When I arrived, I was happy to see Carol Channing there. She had written a book and was on the weekend roster, too. She was a delight — spangled dress, red lipstick and all. How old must she be, you ask? None of your business.

I called to tell my partner, Jack, about my newest best friend, and when I returned home I was eager to share my Carol Channing stories with his nephew, Kevin, who was visiting from medical school. Jack quickly interrupted me.

"Kevin doesn't know who Carol Channing is."

"You don't know Dolly Levi?" I asked. "Hello, Dolly?"

"I've heard the name, but I don't," he confessed.

The next day we took Kevin and his girlfriend on the nickel tour of Georgetown in Washington, D.C., passing the house Jackie Kennedy lived in for the year after the president's assassination.
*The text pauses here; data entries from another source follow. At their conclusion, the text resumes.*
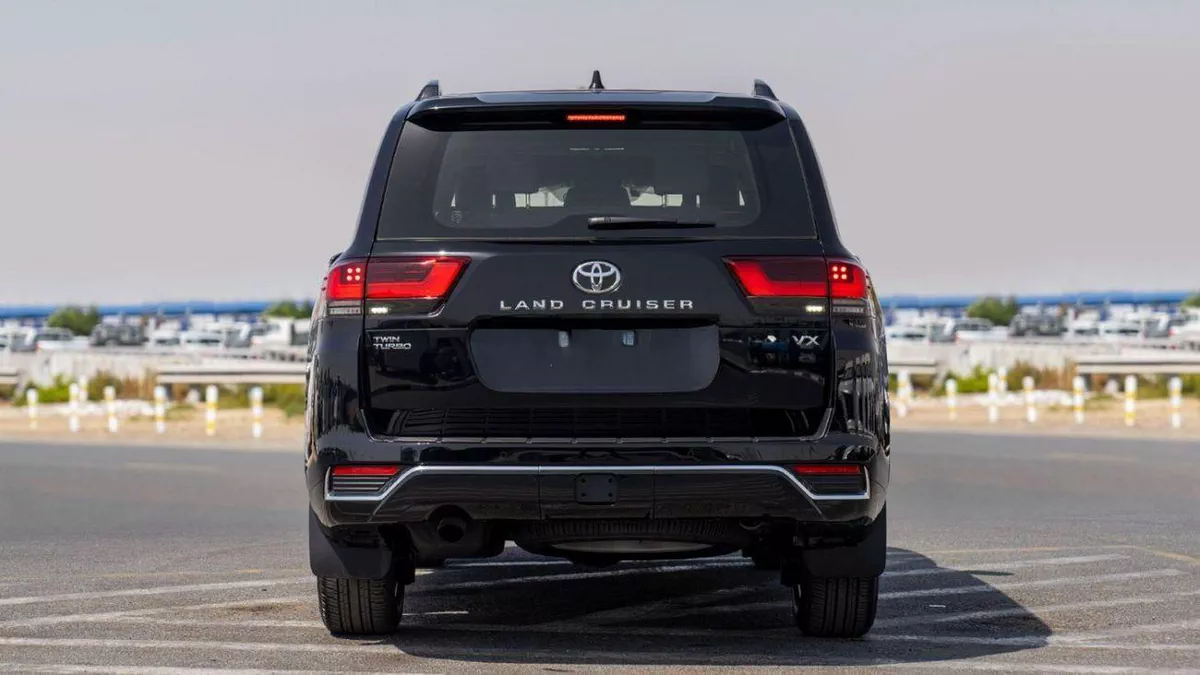 Toyota Land Cruiser VX LC VX 3.3D\(LHD) TOYOTA LAND CRUISER LC300 VX 3.3D AT MY2025 – BLACK-11-0
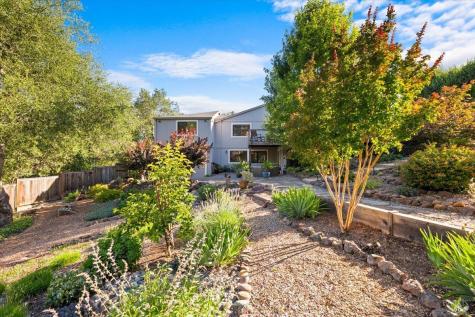 3224 Cobblestone Drive Santa Rosa CA 95404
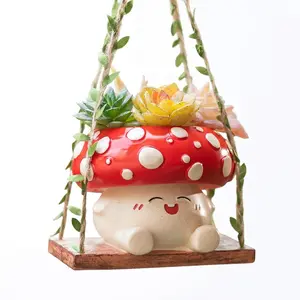 Glasseam Gardening Plant Gifts for Women Cute Hanging Planter Gift for Plant Lovers Mother Smiley Face Small Plant Pot for Succulent Flower Cactus Spider with Hanging Baskets Design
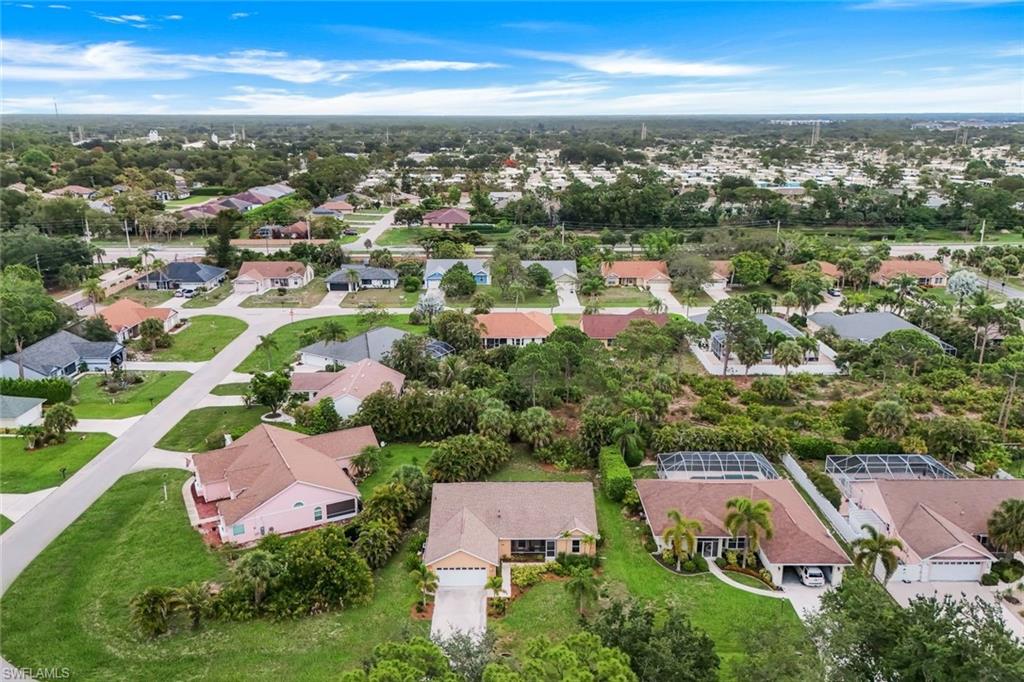 Centrally located minutes to downtown Bonita, Bonita Beach, grocery, restaurants and RSW International airport!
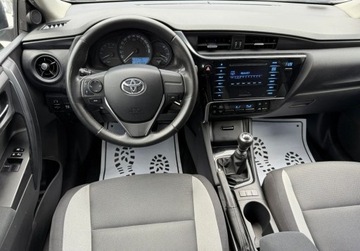 Toyota Auris II Touring Sports Facelifting 1.4 D-4D 90KM 2015 Toyota Auris Salon Polska. Serwis ASO, FV-VAT 23 1.4 Diesel 90KM, zdjęcie 3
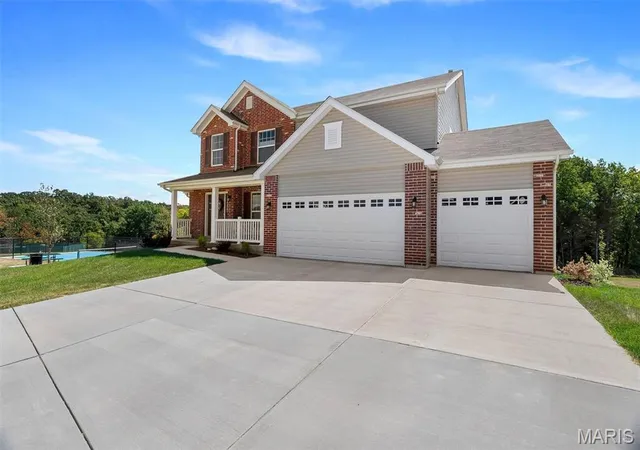Photo 2 of Single family home for sale at 337 White Orchid Ct, Wentzville, MO 63385 | MLS# MIS26057231 | Listing updated on 2026-10-06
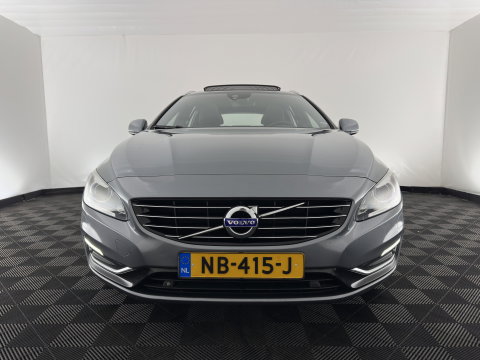 Volvo V60 2.4 D5 Twin Engine Summum ⚠️Aircopump Defect⚠️ Aut. *PANO | LEATHER | XENON | MEMORY-PACK | HEATED-COMFORTSEATS | CAMERA | NAVI-FULLMAP | ECC | PDC | CRUISE | 18''ALU*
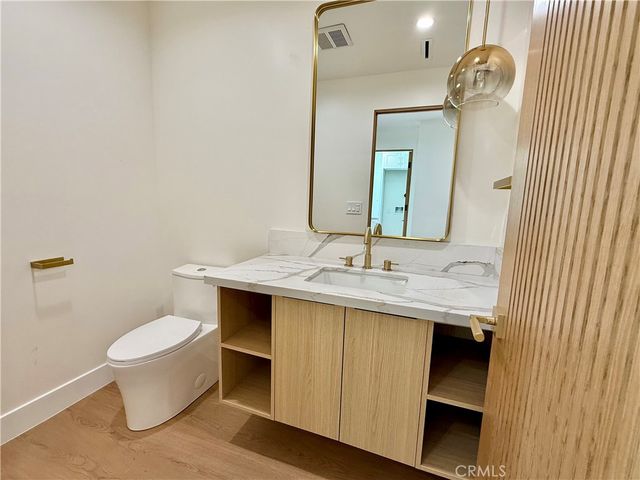 22130 Gault Street, Canoga Park, CA 91303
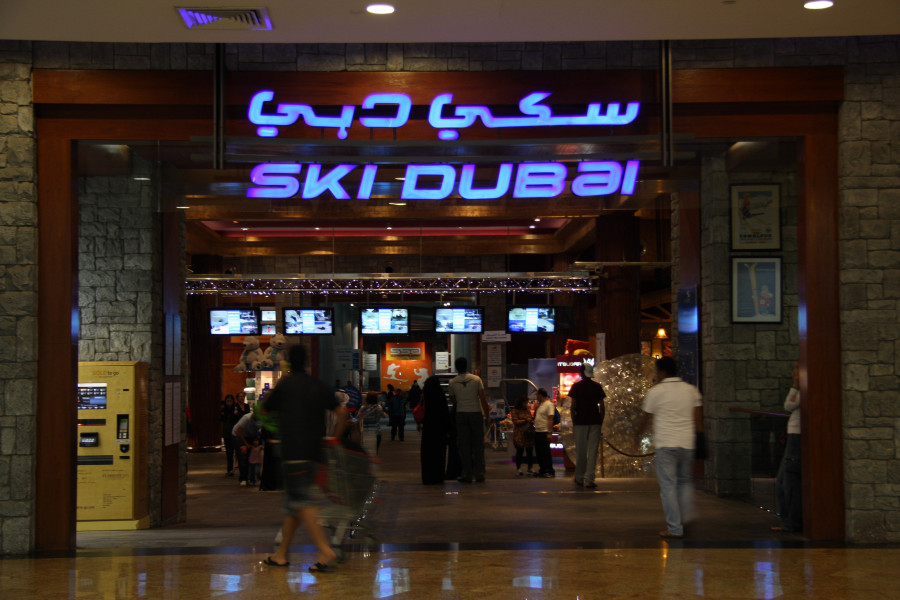 Der Eingang zur Skihalle in Dubai
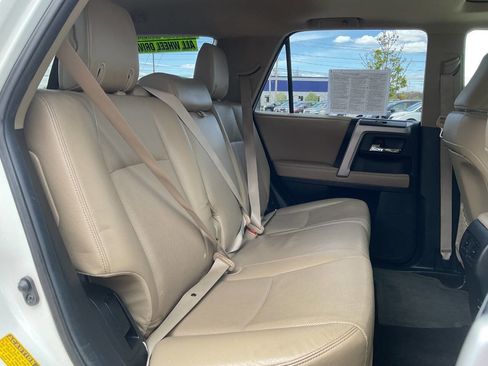 Used 2014 Toyota 4Runner Limited AWD/4WD image 40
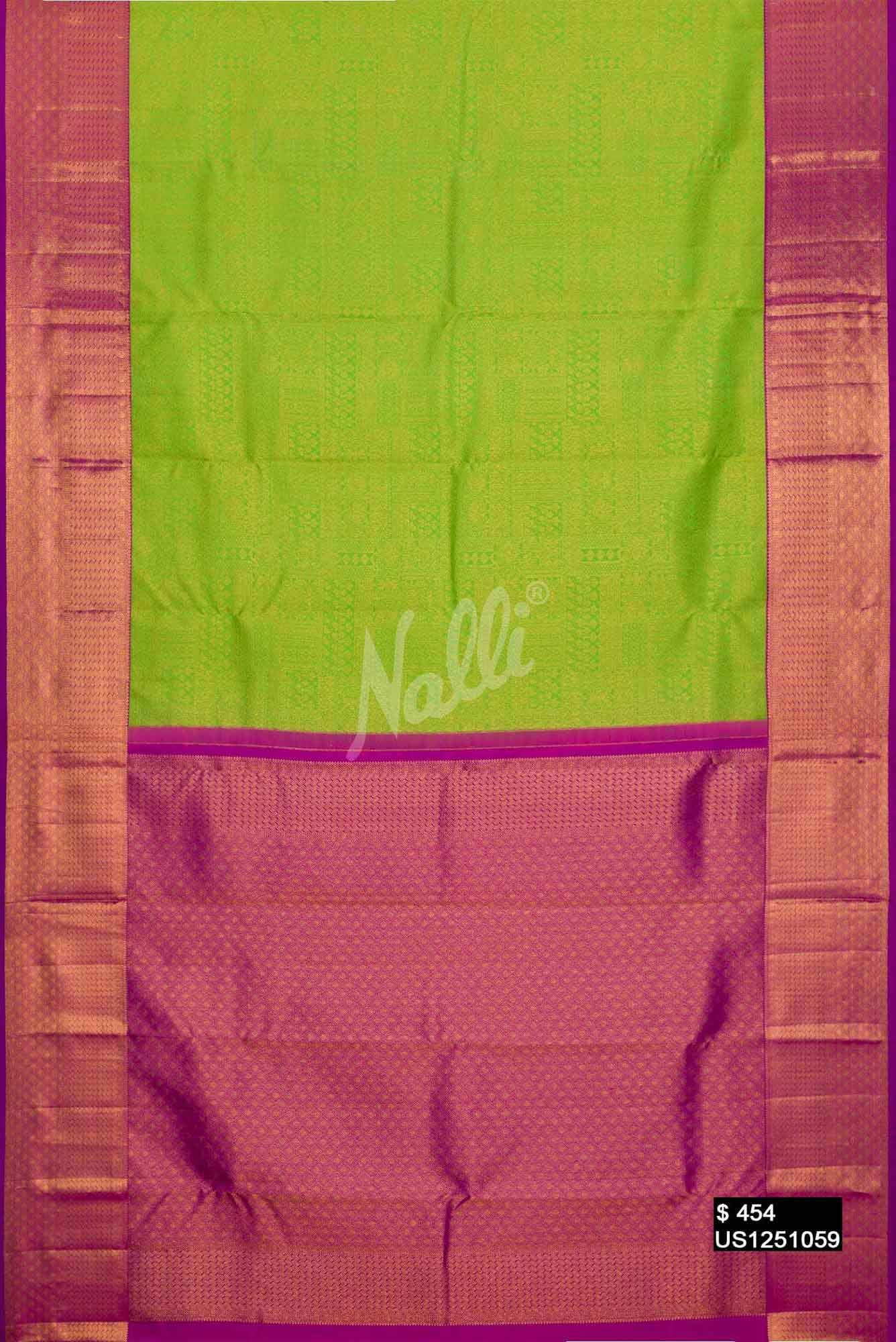 Parrot Green Kanchipuram Silk Saree
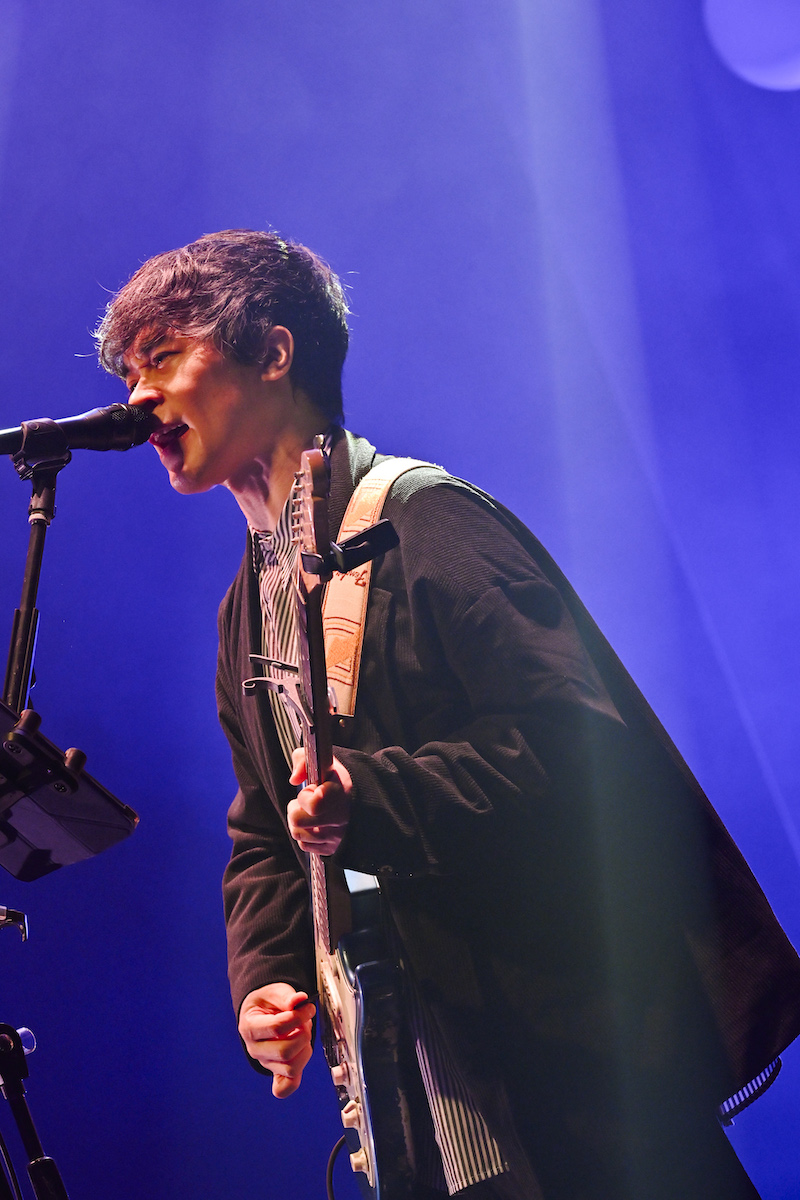 小出祐介（Vo / Gt）（撮影＝AZUSA TAKADA）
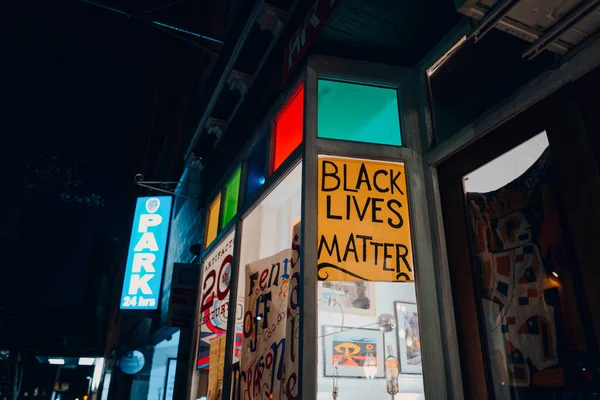 New York Usa November 2022 Black Lives Matter Steht Schaufenster — Stockfoto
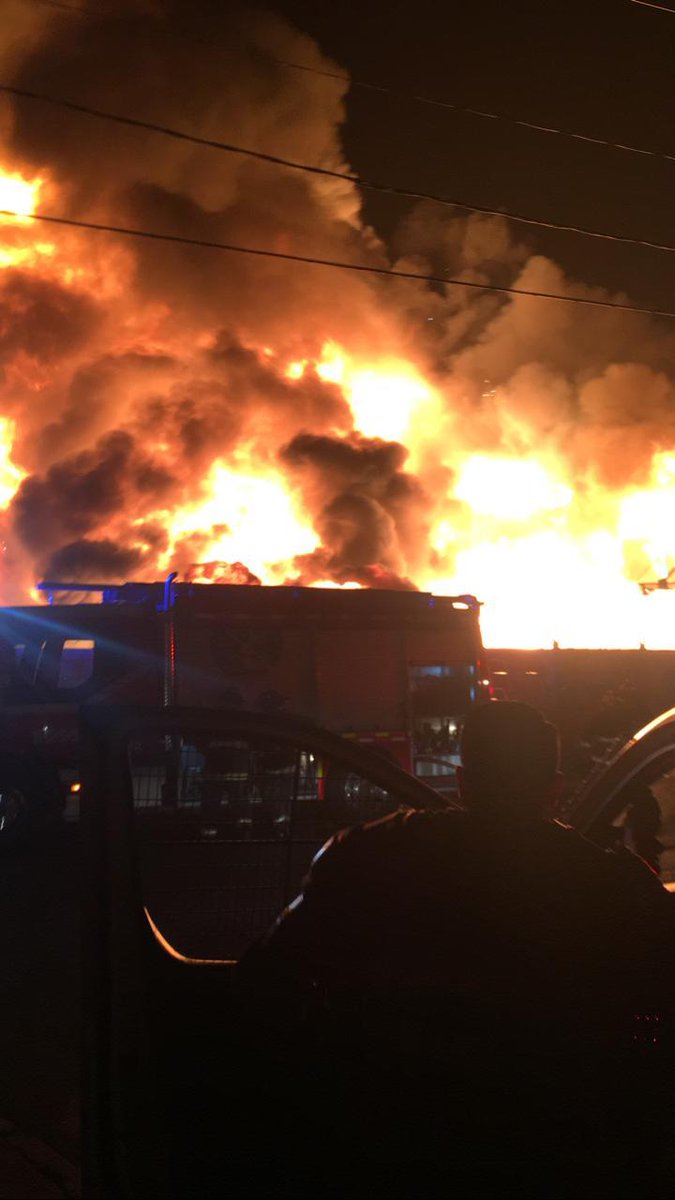 ESR_Informa's tweet photo. 🔴Alarma de incendio en #Rancagua corresponde a supermercado Mayorista lado de Sodimac Constructor https://t.co/AwHZDiXLfC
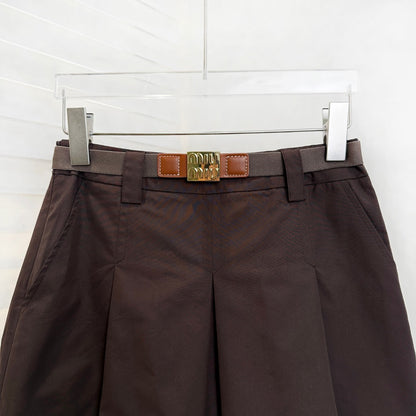 M 25 Brown skirt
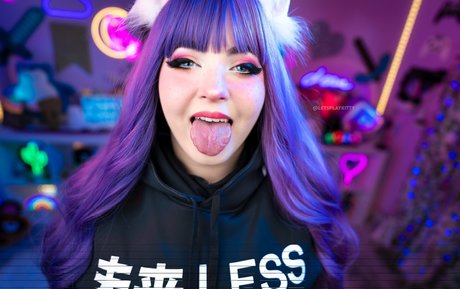 Lestplaykitty exclusive model image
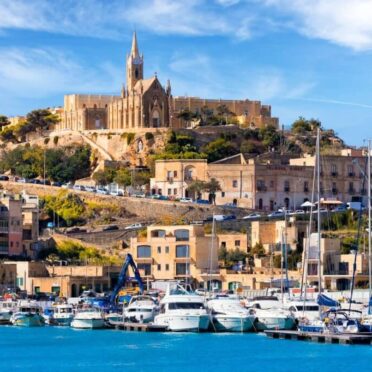 Walking on Gozo- World Tour Management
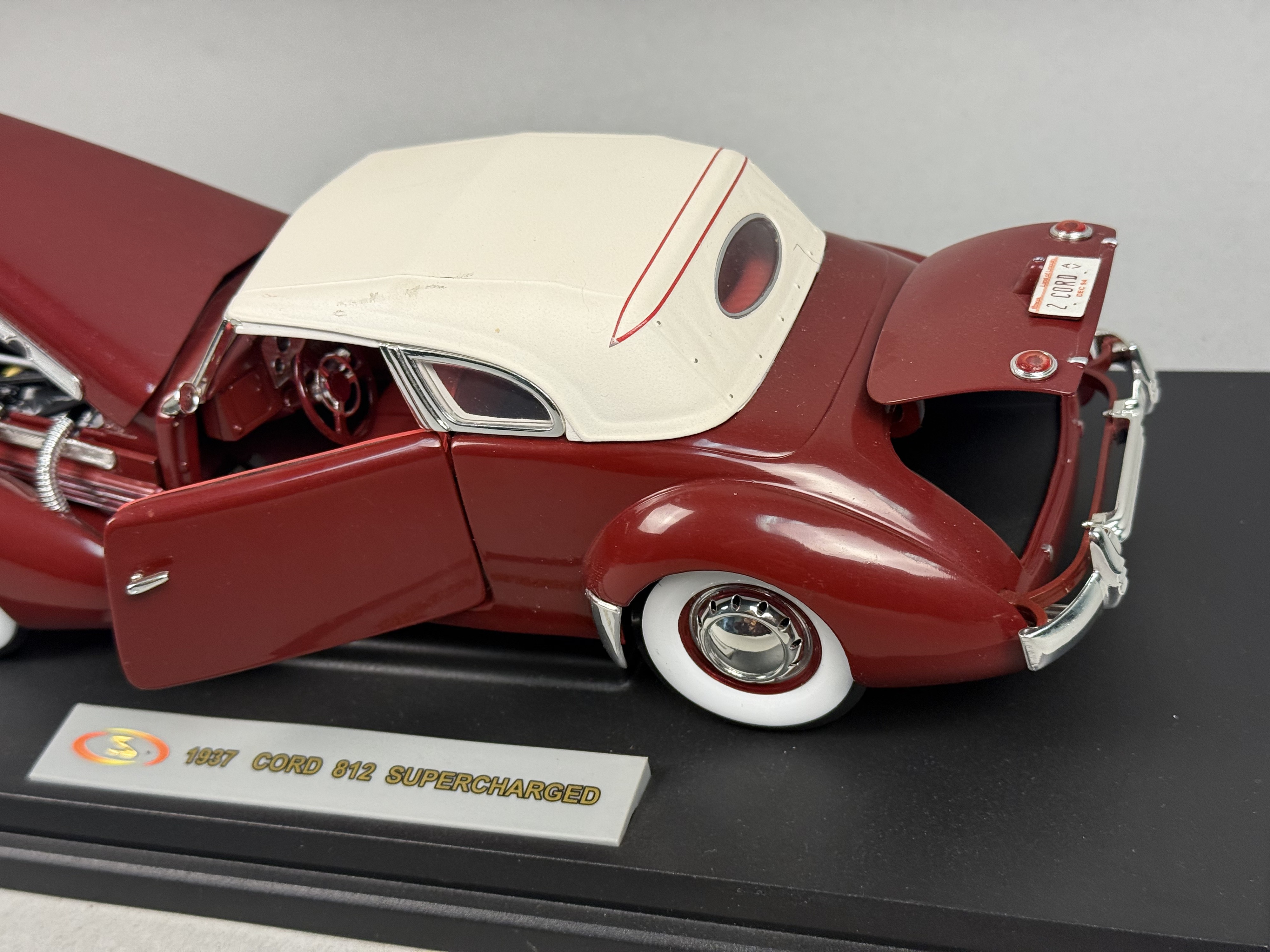 1937 Cord 812 Supercharged Model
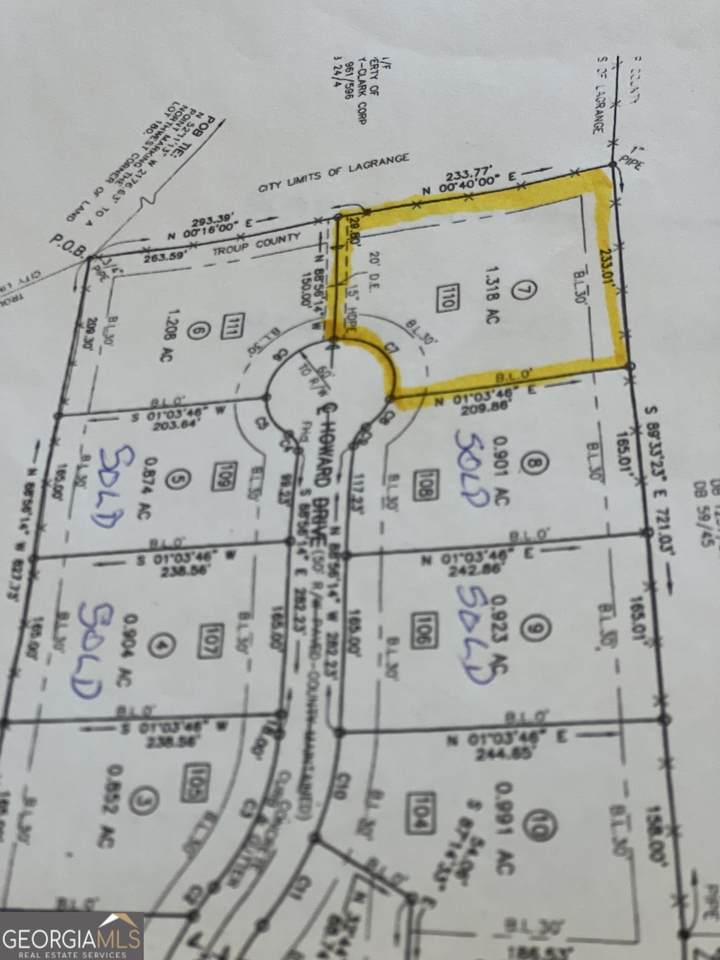 110 Howard Drive - Photo 1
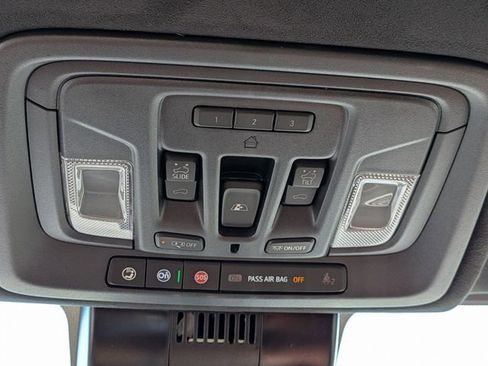 New 2026 GMC Sierra 2500 Denali Ultimate AWD/4WD image 18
Kevin had visited Arlington Cemetery the day before and commented on the two infants' graves at the Kennedy burial site. "But didn't they have a couple of kids who lived?" he asked.

I just stared at Jack.

During the Florida weekend, my fabulous friend Carol shared a number of stories from her illustrious career, including one about Jackie taking John and Caroline to see Hello, Dolly!, then bringing them backstage to meet her.

Caroline turned to her mother and said, "How does she know my name?"

There's something to be said for that kind of ignorance.


I guess what I am stunned over is the rhetorical question - "It's tough going, so who's your fallback guy?" - Pat Boone? He did make some appearances on Hee Haw. That gets him as close as Nashville.